THE ONLY STUDENT IN the adult-education class not puzzled by the question was George Dawson, who would celebrate his 102nd birthday in about a month. The question was, What famous monument in Washington, D.C., is closed for renovation? The teacher, Carl Henry, dropped a hint: It's named for America's first president. One student guessed Lincoln. Another ventured Clinton. Dawson looked around the room at the other students, mostly black like himself and all far younger, and smiled at the confusion. He didn't necessarily know the correct answer either, but he understood from decades of observation the source of their puzzlement: There are two Americas.
The gravity of this observation permeates the pages of George Dawson's memoir, Life Is So Good, which will be published by Random House this month. That's right. Dawson, who didn't learn to read and write until he was 98, is now a celebrated author. He has appeared on Oprah (and is scheduled to appear on Good Morning America this month), and he has been interviewed by Dan Rather. He's been given the VIP tour at NASA and invited to watch a game from a luxury suite at the Ballpark in Arlington. The schools of Dallas, public and private, compete for the privilege of hearing his secret of longevity. "Ain't no secret," he tells them, adding, "All I'm doing is going to school, to get what y'all don't want."
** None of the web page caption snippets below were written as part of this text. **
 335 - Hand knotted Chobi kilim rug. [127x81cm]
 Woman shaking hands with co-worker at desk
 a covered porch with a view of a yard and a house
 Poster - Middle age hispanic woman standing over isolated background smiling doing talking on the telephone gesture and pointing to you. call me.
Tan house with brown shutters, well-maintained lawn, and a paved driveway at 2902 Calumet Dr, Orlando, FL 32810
His fellow students in the adult-education class fawn over Dawson as they would a mascot but are bewildered by his generation's benign submission to white power. When Dawson related an event from the twenties--the time eighteen members of his baseball team lined up to drink from the colored fountain while the white fountain next to it sat vacant--they shook their heads and rolled their eyes. "Woooee!," exclaimed a pretty young woman named Deborah. "We'd be in the white man's face sooo fast!"
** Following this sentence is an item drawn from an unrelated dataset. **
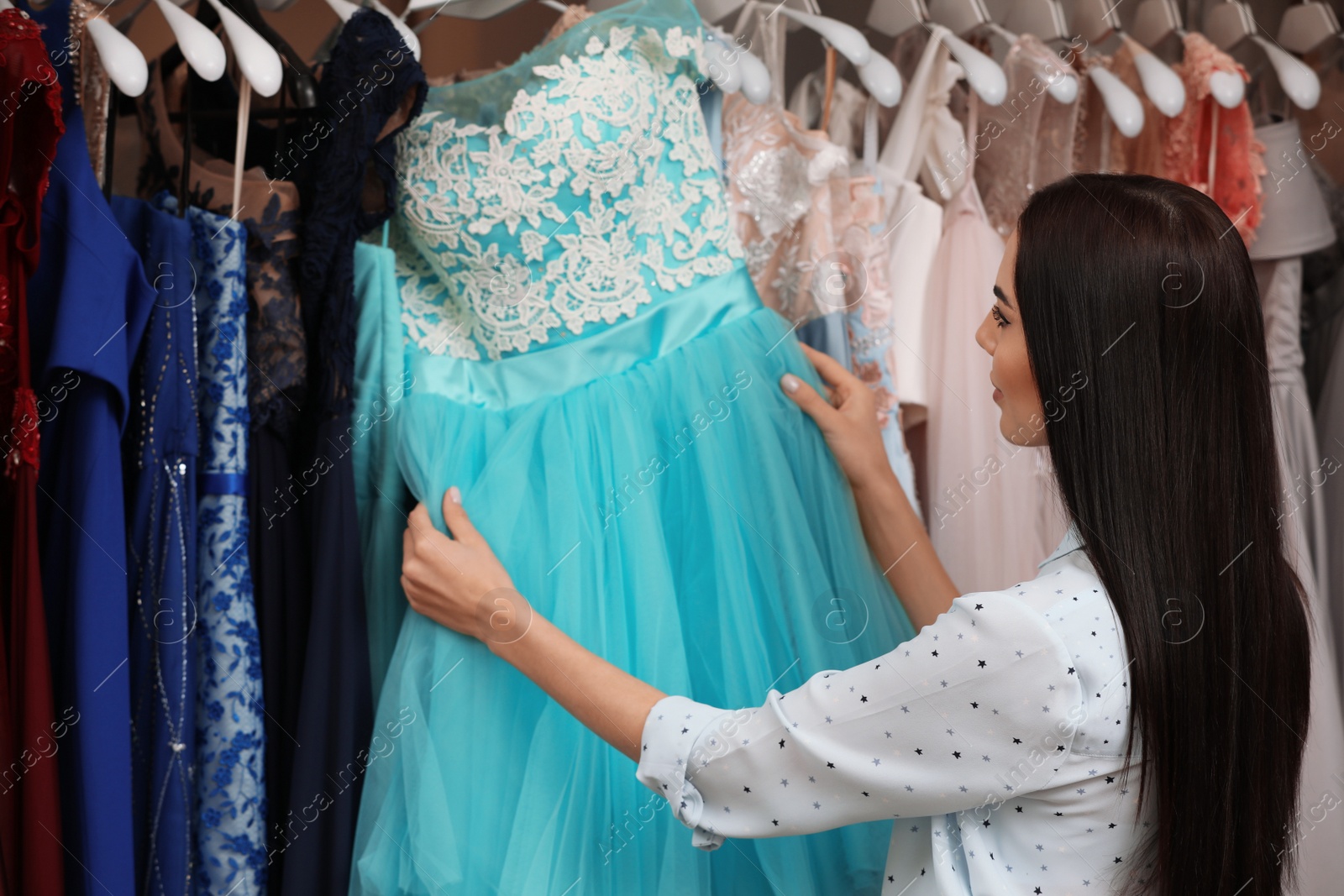Woman choosing dress in rental clothing salon Photo of Woman choosing dress in rental clothing salon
A short, compact man with gray cottony hair and inquisitive eyes, Dawson is fragile but blessed with the constitution of a mule. He walks without a cane, has his own teeth, and though he has a pair of reading glasses, he doesn't like to wear them. Since his fourth wife died twelve years ago, he has lived alone in his small cottage near Lincoln High School in South Dallas. All seven of his children graduated from Lincoln, and three went on to college. He stopped driving just after his hundredth birthday--with all the celebrating, he forgot to renew his license--and depends on a son, George Junior, and his teacher, Carl Henry, for rides. Dawson isn't comfortable with his celebrity status ("I'm nobody special," he assured me). It distracts him from his primary mission of getting his GED. He hasn't missed a class since he began going to school three years ago.